How CFANS researchers are using AI and satellite data to address global challenges

Artificial intelligence (AI), machine learning and deep learning are rapidly reshaping how researchers understand complex systems — especially when paired with satellite data and remote sensing technologies. By analyzing vast streams of information collected from space and airborne sensors, researchers across the University of Minnesota's College of Food, Agricultural and Natural Resource Sciences (CFANS) are using AI to detect patterns across landscapes, atmospheres and ecosystems at scales that were previously impossible.

These approaches are helping scientists monitor croplands, track air quality and identify invasive species more efficiently and accurately. At the same time, CFANS researchers are asking important questions about when — and how — these powerful tools should be used responsibly.

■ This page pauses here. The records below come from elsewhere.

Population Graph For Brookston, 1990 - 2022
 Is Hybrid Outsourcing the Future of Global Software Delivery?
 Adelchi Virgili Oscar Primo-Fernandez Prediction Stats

Here are three examples of CFANS-led research that highlight both the promise and responsibility of AI-driven, remote-sensing science.

Monitoring croplands at scale with machine learning

David Mulla, faculty member in the Department of Soil, Water and Climate, and Philip Pardey, faculty member in the Department of Applied Economics, along with colleagues in the Department of Computer Science are exploring how machine learning, paired with satellite imagery, can transform how croplands are monitored across large regions and long time periods.

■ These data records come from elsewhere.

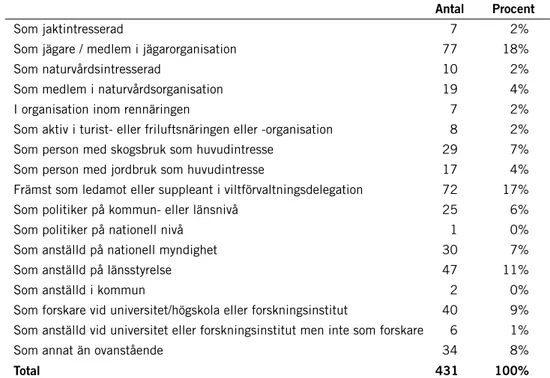 Tabell 1. Procentuell svarsfördelning på fråga 1. ”I vilken roll arbetar eller berörs du främst av vilt  eller viltförvaltning? (Du kan välja endast ett svarsalternativ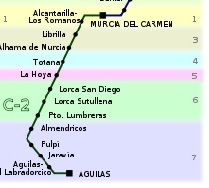 El Ayuntamiento recuerda a los dirigentes políticos regionales y nacionales que, en la línea de cercanías de Murcia, “Águilas también existe”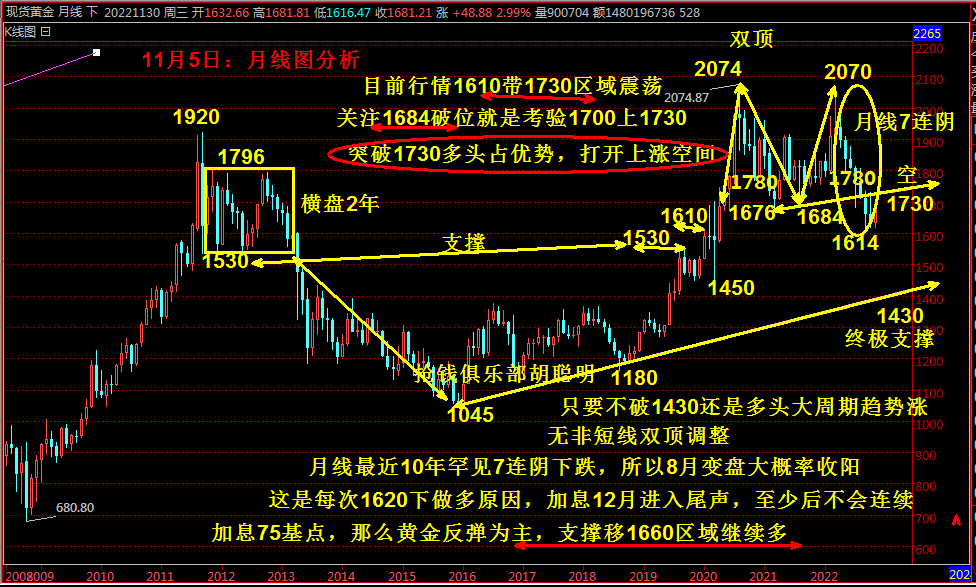 抢钱俱乐部：美元106下分批多，非美开始试探空！-第3张图片-翡翠网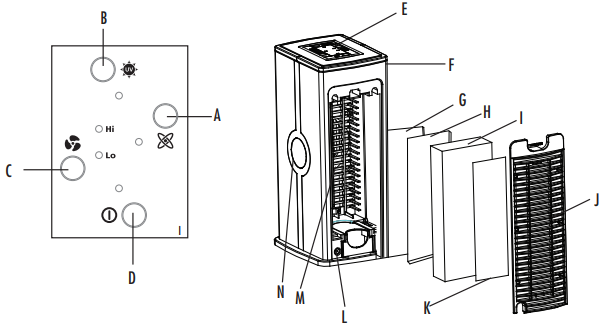 Holmes - HAP3000UV - CİHAZINIZI TANIYIN CİHAZINIZI TANIYIN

Their research shows how automated, AI-driven approaches can map where crops are grown more efficiently and consistently than traditional methods. These advances could improve decision-making related to food security, land use and environmental sustainability, while also identifying technical hurdles that must be addressed before these tools can reach their full potential.

Tracking atmospheric gases from space using advanced algorithms

In a global study led by Kelley Wells, researcher in the Department of Soil, Water and Climate, scientists developed new AI-enabled retrieval methods to analyze more than a decade of satellite data measuring key atmospheric gases. By refining algorithms that interpret infrared satellite observations, the team was able to track volatile organic compounds that influence air quality and climate across the globe. The work reveals how these gases vary by region and over time, and it helps identify gaps in current climate and atmospheric models — supporting more accurate predictions of environmental change.

Mapping invasive species with remote sensing and deep learning 

Ce Yang, faculty member in the Department of Bioproducts and Biosystems Engineering, is principal investigator on a Minnesota Invasive Terrestrial Plants and Pests Center supported project that proposes using deep learning alongside satellite and drone imagery to detect invasive plant species earlier and more accurately.

Focusing on species such as Palmer amaranth, spotted knapweed and Canada thistle, the research aims to replace labor-intensive field scouting with a dual-level remote sensing approach. The goal is to deliver timely, actionable information to farmers, land managers and policymakers — helping slow the spread of invasive species before they cause widespread damage.

Advancing AI with environmental responsibility in mind

As CFANS researchers explore new applications for artificial intelligence, they are also grappling with its broader environmental implications. Nick Phelps, faculty member and head of the Department of Fisheries, Wildlife, and Conservation Biology, said this tension is especially important for researchers working in environmental and natural resource sciences.

“AI is an exciting and powerful tool,” Phelps said. “However, I would encourage people to consider the environmental impacts of AI — really, the data centers that enable it. There is an important and complex tradeoff to the technology that is often overlooked for the sake of progress.”

For many CFANS researchers, Phelps said, the challenge is not only learning how to use AI responsibly, but also deciding when its use is appropriate at all. At the same time, he said CFANS is uniquely positioned to lead in this space.

“CFANS is very well positioned to not only develop new applications for AI technologies,” Phelps said, “but to simultaneously conduct the research necessary to ensure the environmental impacts of AI infrastructure are minimized or mitigated.”

Together, these efforts reflect a CFANS-wide approach to artificial intelligence — one that embraces innovation while remaining grounded in the College’s commitment to sustainability, environmental stewardship and thoughtful science.